And, right on cue from the previous entry:
I’m in the middle of a fantasy novel at the moment (which shall remain nameless because I’m about to heap a lot of unfair judgment on it), and its leisurely pace is painfully reminding me of a common problem with fantasy novels: too many of them take forever to get anywhere. I’m not talking about raw word count here — a book could be fifteen hundred pages long, as long as things move forward. But too often, they don’t.
For example, I’m two hundred pages into this book, and so far we’ve
- Introduced the characters
- Talked a little about the world
- Some characters have made plans
- They’ve talked about the plans they’ve made
- They’ve had a nice dinner in which they talk about the plans some more
- They reflect on the plans they made and the dinner they had
And that’s really about it. Two hundred pages, and I’m still waiting for something really significant to happen. As Mike Nelson said during MST3K’s send-up of The Undead, “I’ve never known more about what isn’t going on.” I understand that we’re still in the first act and all, but on the other hand, I’ve been reading Roger Zelazny’s Nine Princes in Amber in parallel, and by a mere ninety pages in, Zelazny has covered:
- A Coronet Blue-style amnesia subplot (now resolved)
- A journey to other dimensions with about ten times the world-building of the above book
- Five different individual battles
- A half-dozen emerging interpersonal conflicts
- An epic city siege
Now, Nine Princes in Amber was written in 1970, and the fantasy market has changed dramatically since then. Still, I’m struck by how dramatically these books differ in pace and brevity. I recently abandoned another fantasy novel midway through, because people were just puttering around a castle discussing interesting things that might possibly happen someday. I’m not talking about foreshadowing or even raising the story stakes — more like the prose equivalent of window-shopping at the mall.
Part of this, I’m sure, is just the market at work — readers want a lot of bang for their buck, and fantasy series can be a lot like car dealerships: why sell the reader just one book when you can sell them ten books over ten years? (Or, in George Martin’s case, five books over fifteen years.

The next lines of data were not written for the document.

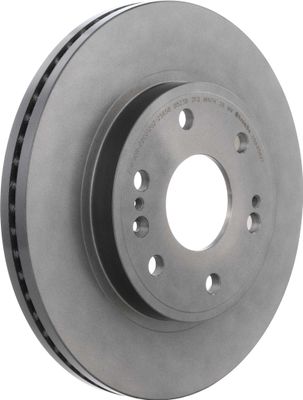 Brembo 09A40621 view 3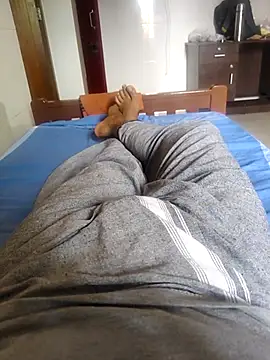 Snapshot of vichuhot chatting on October 26, 4:18 am vichuhot online show from October 26, 4:18 am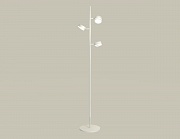 Торшер Ambrella Light Traditional (C9812, N8412) XB9812200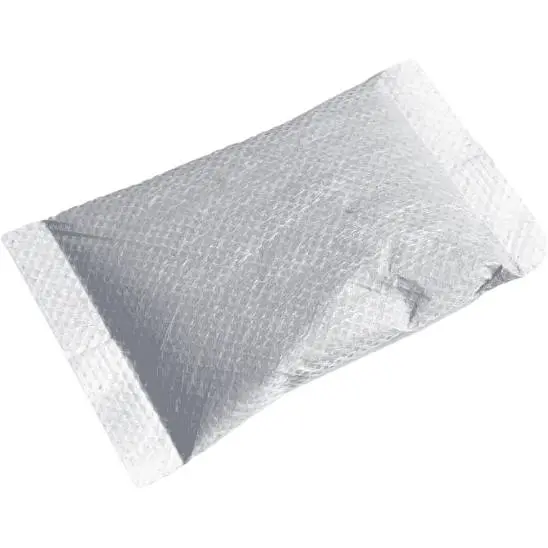 Грелки химические для рук Base Camp Hand Warmer 10 пар (1033-BCP 81200) - фото 2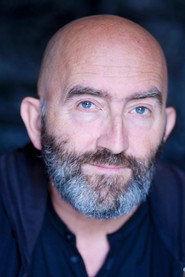 Jean-Yves Brignon — Dean (voice)
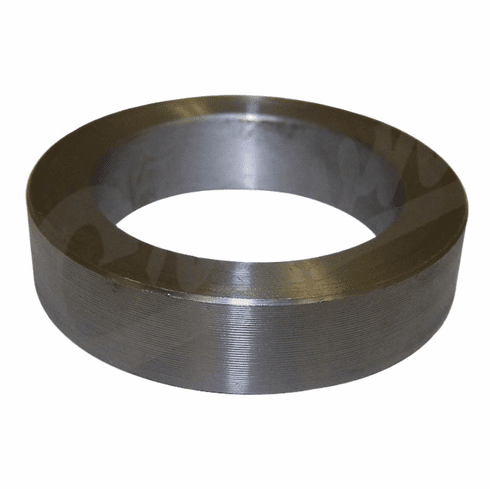 83503077 Axle Bearing Retaining Ring for 87-18 Jeep Wrangler, 69-75, 1986 Jeep CJ, 87-90 Cherokee XJ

Zing!) Also, a lot of fantasy writers grew up with Tolkien and Jordan and epic doorstops that went on for thousands of pages, and so reflect that scale and ambition in their own work — which is fine. But for crying out loud, writers, if you’re going to write a 900-page novel, make something happen.

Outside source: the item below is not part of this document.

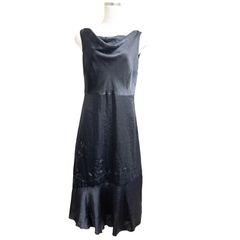 Leilian（レリアン）レディース　サマーニット　半袖セーター　ブラウン　ラメ　11号　L Leilian（レリアン）レディース サマーニット 半袖 ブラウン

David Mamet’s infamous memo to the writers of the Unit sums up the matter succinctly:
EVERY SCENE MUST BE DRAMATIC. THAT MEANS: THE MAIN CHARACTER MUST HAVE A SIMPLE, STRAIGHTFORWARD, PRESSING NEED WHICH IMPELS HIM OR HER TO SHOW UP IN THE SCENE.
LOOK AT YOUR LOG LINES. ANY LOGLINE READING “BOB AND SUE DISCUSS…” IS NOT DESCRIBING A DRAMATIC SCENE.
HERE ARE THE DANGER SIGNALS. ANY TIME TWO CHARACTERS ARE TALKING ABOUT A THIRD, THE SCENE IS A CROCK OF SHIT.
ANY TIME ANY CHARACTER IS SAYING TO ANOTHER “AS YOU KNOW”, THAT IS, TELLING ANOTHER CHARACTER WHAT YOU, THE WRITER, NEED THE AUDIENCE TO KNOW, THE SCENE IS A CROCK OF SHIT.
Brutally put, in true Mamet style, but pointed.
My favorite note on scene and structure comes from a writer whose name I have unfortunately forgotten, but goes like this: if two characters enter a scene, one or both of them must leave the scene changed somehow. If you have characters show up, discuss some things, and leave the same way they came in, nothing has happened. All the clever dialogue or vivid environmental detail in the world won’t change that. This is hardly a trade secret; it’s basic structure. And yet I see writers, even published writers, forgetting or neglecting it all the time.
So if your prose has a bunch of limp scenes in which people discuss the plans they’re not carrying out, please do your readers a favor. Wade in there and start cutting.